Durant la décennie écoulée, plus de 200 millions d’hectares de terres cultivables ont changé de mains, dont presque la moitié (134 millions d’hectares) en Afrique, 43 millions en Asie, 19 millions en Amérique du Sud et 5 millions en Europe. Il s’agit dans ce dernier cas de terres fertiles situées en Ukraine, en Roumaine ou en Bulgarie, mais qui ont été peu ou mal valorisées pendant les trois quarts du siècle dernier sous des régimes de type soviétique.
En tête des acheteurs figure la Chine, qui abrite le quart de l’humanité mais ne dispose que de 10 % de terres cultivables et de 8 % des ressources en eau disponibles sur la planète. Tous les ans, elle doit par ailleurs sacrifier un million d’hectares au béton pour installer ses infrastructures et loger ses habitants. Des Chinois sont depuis des années au Sénégal pour cultiver du sésame entièrement destiné à leur marché domestique. Au grand dam des collectifs paysans qui y voient une forme de recolonisation, un demi-siècle après l’indépendance. Il y a aussi l’Arabie Saoudite et le Qatar. Forts de réserves de change surabondantes tirées de leurs hydrocarbures, ils cherchent à se constituer hors de leurs frontières de confortables réserves foncières agricoles en y mettant souvent le prix fort. Un investisseur de Doha a ainsi payé 25 % plus cher que le prix de marché un magnifique domaine agricole en Australie, faisant jaser des concurrents locaux incapables de suivre.
Des acteurs financiers en nombre de plus en plus croissant s’intéressent à ce marché en Afrique, dont les gouvernants, et non les agriculteurs, tirent les ficelles. Le foncier agricole sur le continent est en effet entre les mains de l’État, souvent porté à brader des domaines agricoles pour couvrir ses besoins en cash, réels ou superflus.

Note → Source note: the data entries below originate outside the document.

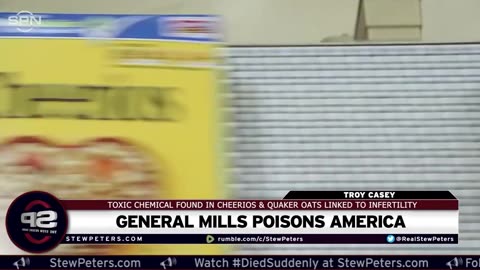 Chemical Found To Cause INFERTILITY: General Mills POISONS Nation With Cheerios & Quaker Oats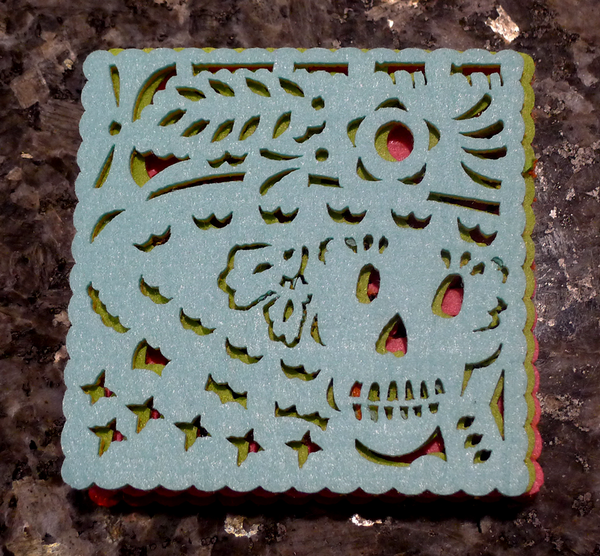 Catrina Felt Coasters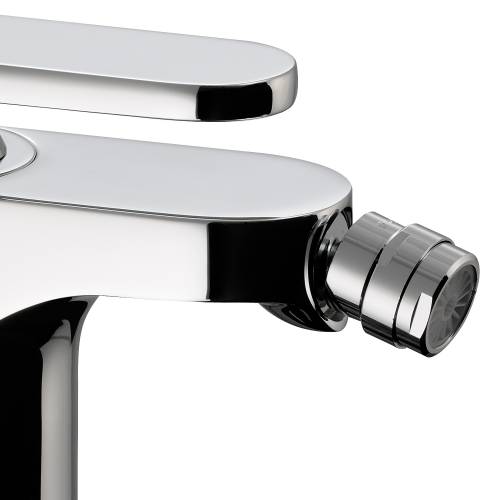 Rapture Bidet Monobloc Mixer Tap with Pop up Waste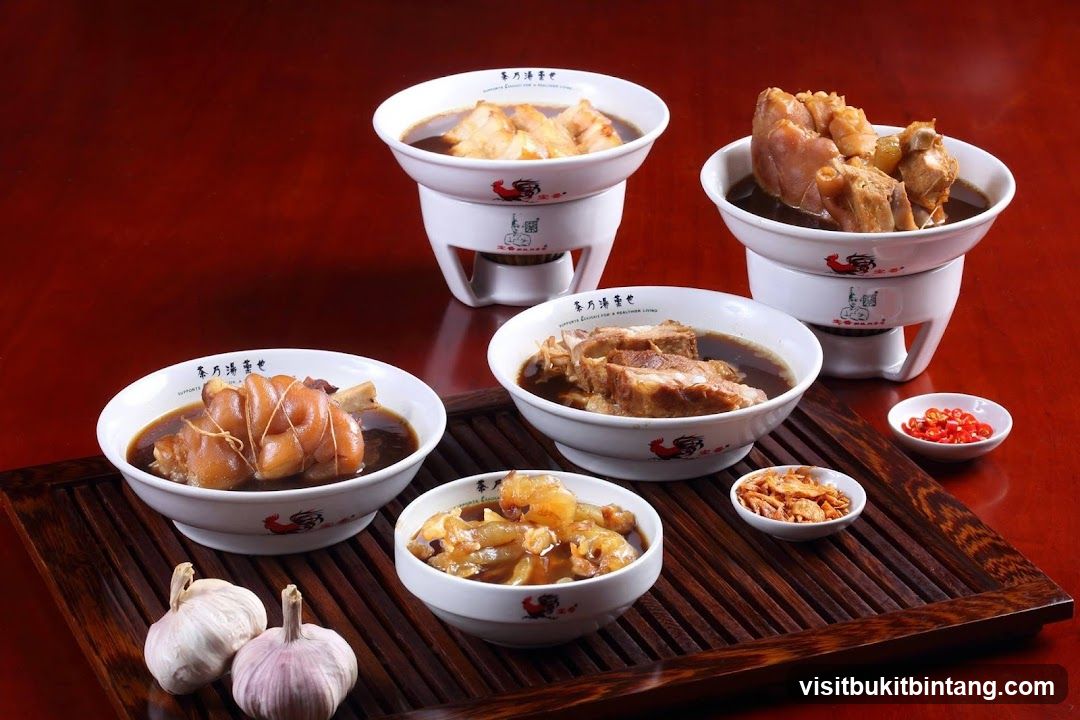 Pork Rib Soup Dishes
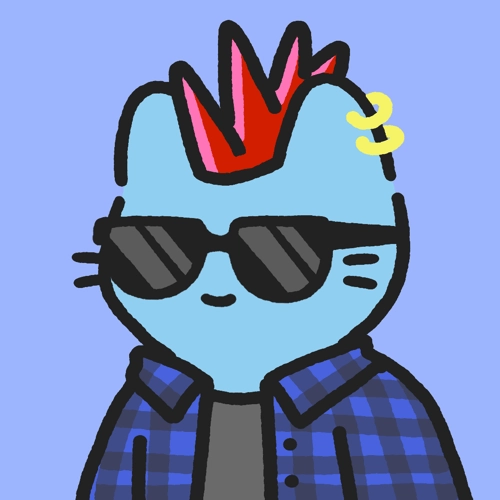 Cool Cat #3495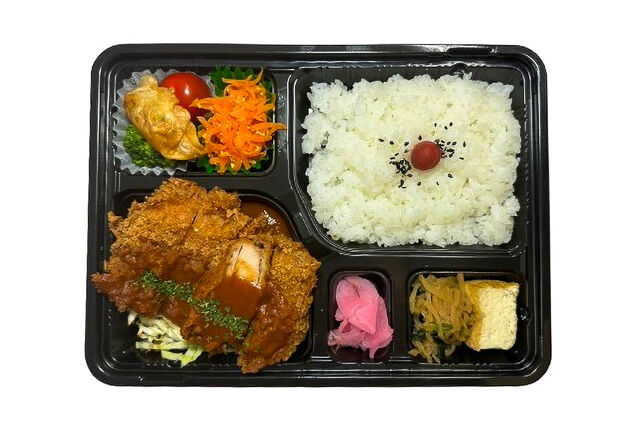 どらごん弁当-チキンカツ弁当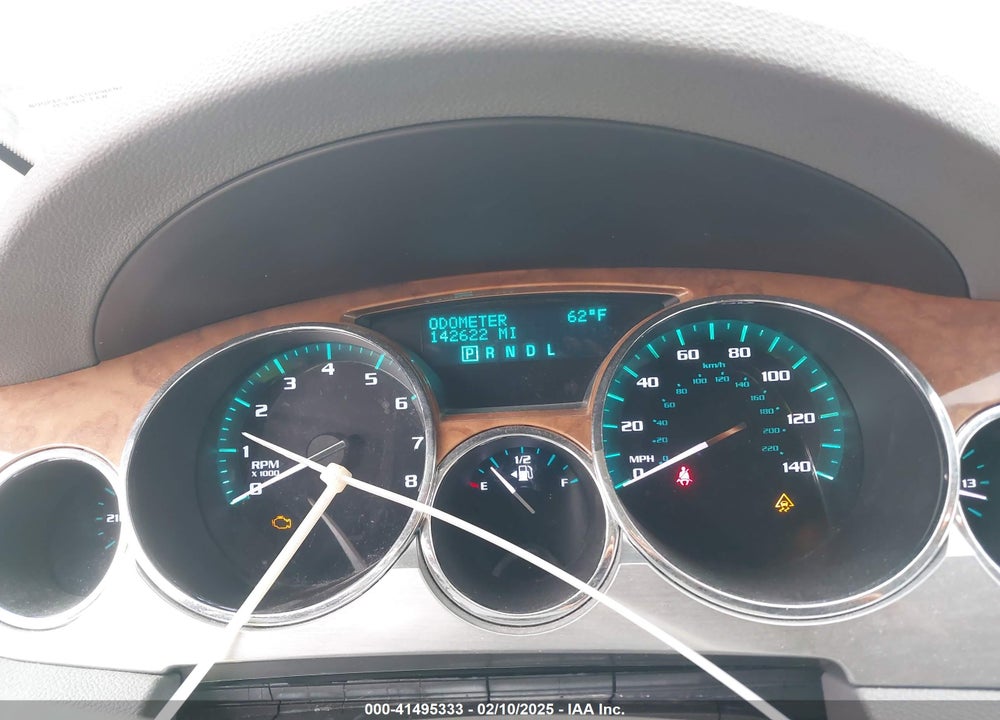 2009 BUICK ENCLAVE VIN: 5GAER23D79J115807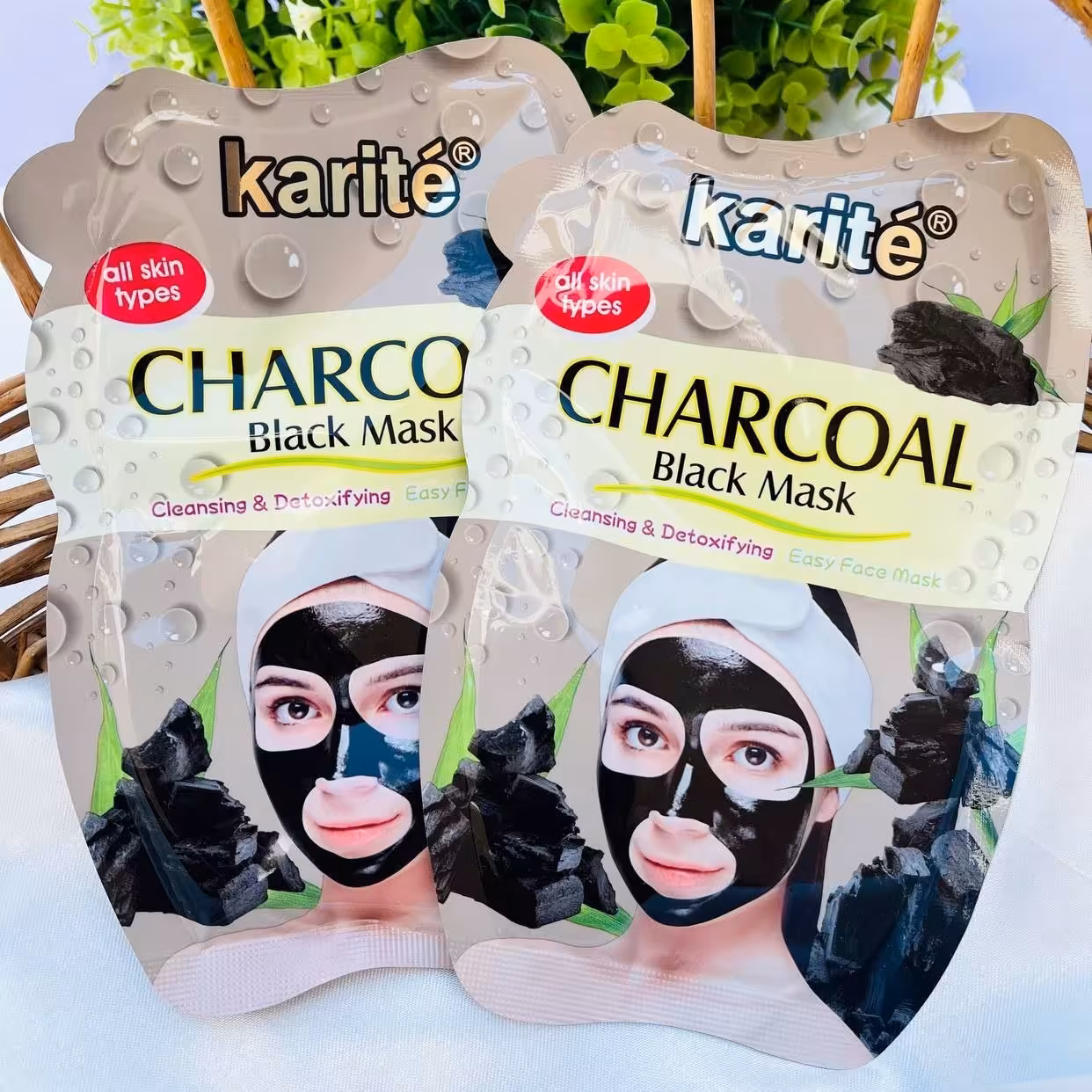 ماسک ورقه ای اورجینال کاریته زغال
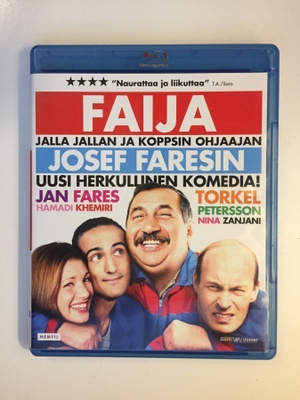 Faija (Blu-ray) ohjaus Josef Fares (2010)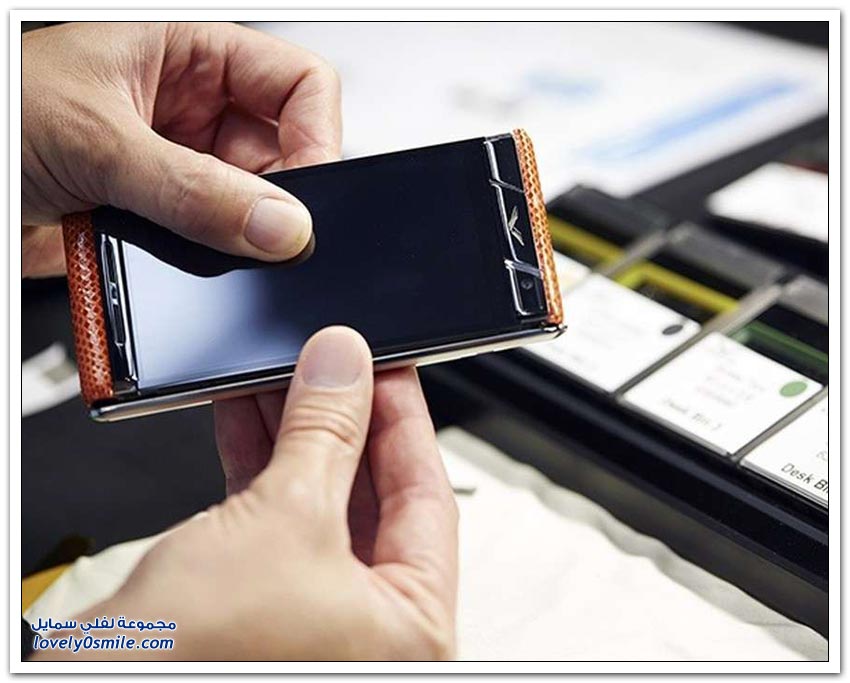 جولة داخل مصنع شركة Vertu الرائدة في صناعة الهواتف الأغلى في العالم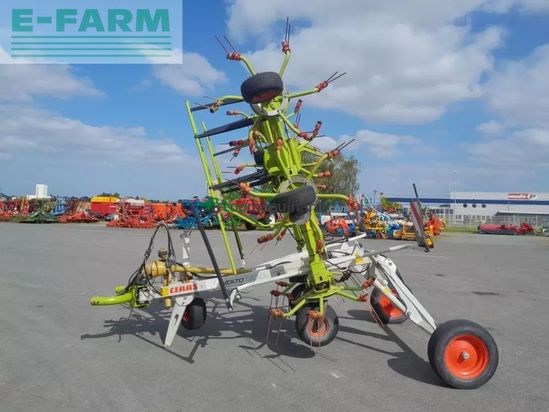 Henificador - Claas - volto 900t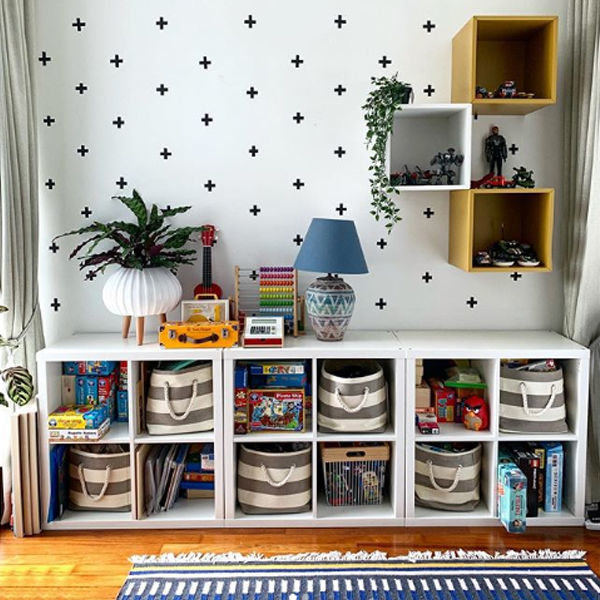 Обустройство детской комнаты от дизайнера с помощью мебели из ИКЕА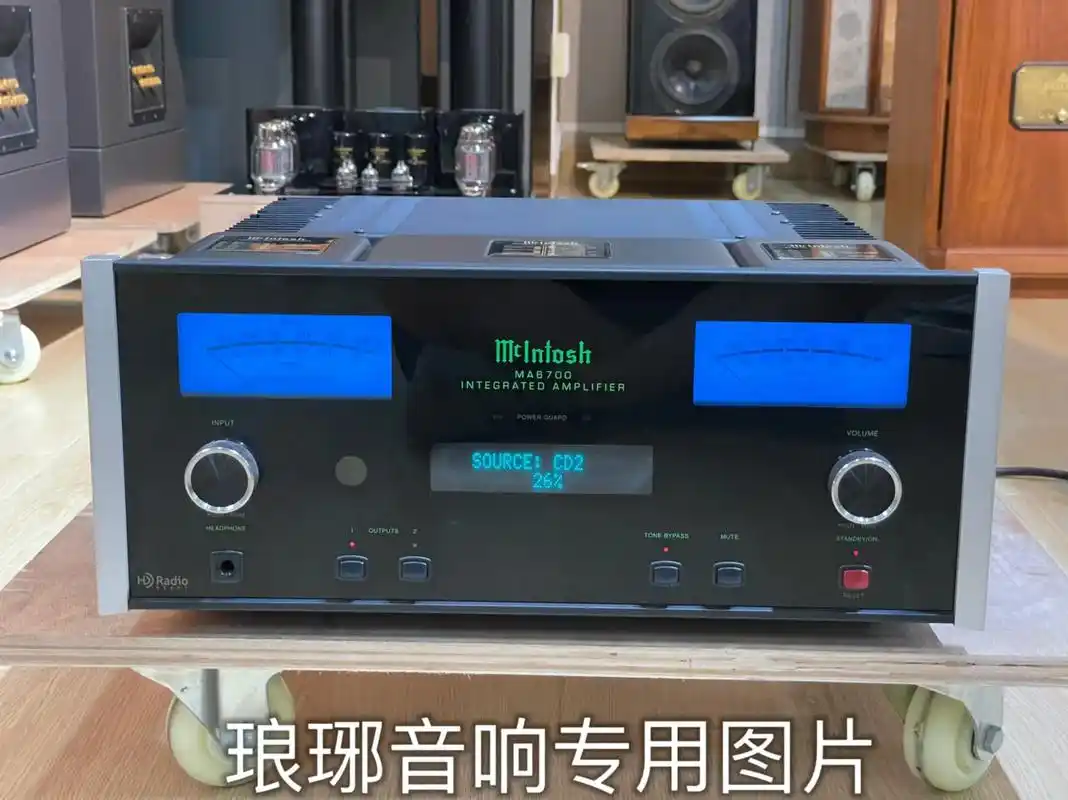 麦景图 ma6700ae 高档合并功放机.麦景图 ma670 - 抖音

C’est un domaine où la corruption bat son plein dès qu’un « client » se présente, selon les collectifs paysans qui tentent de résister à la vague. Pour ces opérateurs, le foncier agricole est devenu une valeur refuge : l’investissement y est relativement peu risqué et la rentabilité confortable. La financiarisation du secteur avance au galop, piétinant au passage des cultures vivrières pour leur substituer des cultures d’exportation bien plus rentables.
La carence des gouvernants africains n’est pas pour rien dans cette évolution, que certains experts jugent « catastrophique ». Elle met en effet à l’écart paysans et éleveurs en faisant valoir le court terme sur des programmes de développement « gagnant-gagnant » axés sur la conversion des exploitants locaux, leur formation et le transfert des savoir-faire. La plus grande crainte de ces experts est que les terres soient pressurées par leurs nouveaux exploitants agissant du seul point de vue de la rentabilité immédiate pour être rendues stériles à la fin de la concession.
Le député suisse Jean Ziegler a récemment sonné à nouveau l’alarme dans un ouvrage intitulé Destruction massive, géopolitique de la faim (Éd. Le Seuil, 2011, 20,30 euros) Il y démonte les mécanismes diaboliques par lesquels l’Occident enchaîne les peuples du Sud à la pauvreté, à la faim et finalement à une lente agonie. Parmi d’autres mécanismes mortels, il énumère le pillage des côtes poissonneuses par les multinationales et l’inondation des marchés africains de produits agricoles européens subventionnés qui, s’ils font le « bonheur » des élites urbanisées des néo-consommateurs, tuent à petit feu les producteurs locaux promis à une inéluctable clochardisation.